Und dann explodiert es doch noch. Im wilden Getümmel werfen sich 16 Tänzer*innen Unmengen von Schaumstofffetzen um die Ohren. Einer erschlägt sich mit einer übergroßen Facebook-Faust, zwei prügeln sich um den Oberon-Thron und andere hauen einfach aufeinander drauf. Vollkommene Extase, bevor alles im Nebel verschwindet und nur noch das scannende Auge eines Leuchtturms oder einer KI über die Schemen huscht.

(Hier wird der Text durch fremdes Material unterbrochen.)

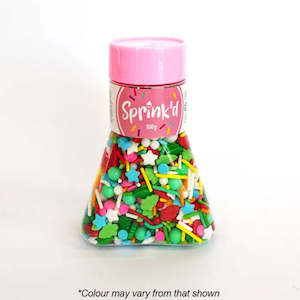 Sprink'd Christmas Lights Medley Sprinkle Mix 100g | BB 09/25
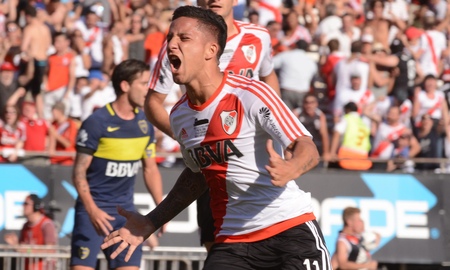 Ex River calentó el superclásico ante Boca: Le vamos a romper el c.... Ex River calentó el superclásico ante Boca: Le vamos a romper el c....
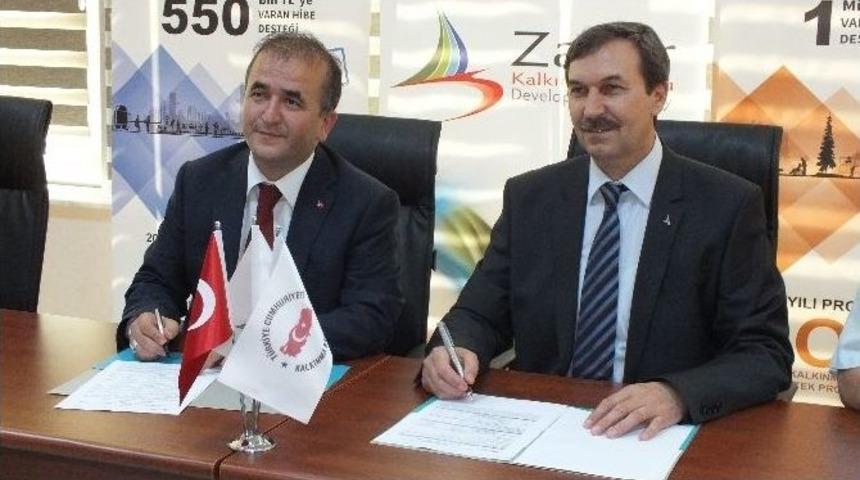 Tavşanlı Osb&rsquo;ye Meslek Eğitim &Uuml;ss&uuml; Kurulacak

„24/7 Neue Todsünden“ nähert sich den digitalen Abhängigkeiten der Gesellschaft im 21. Jahrhundert. Zunächst ganz ruhig und wohlig. Wie ein blitzender Schwarm strömt das Ensemble auf die dunkle Bühne, die Taschenlampen an den mitgebrachten Smartphones glänzen in den Zuschauerraum. Geradezu poetisch. Doch dann platzt ein Oktopus-pus-pus (Emily Wong in wunderbarem Glitzerkostüm von Nanako Oizumi) in den Abend und verkündet die Geburt des Infludancers oder Dancefluencers, denn im Grunde seien Tänzer*innen ja perfekt dafür: Sie sehen gut aus, beherrschen ihren Körper und können sich bewegen.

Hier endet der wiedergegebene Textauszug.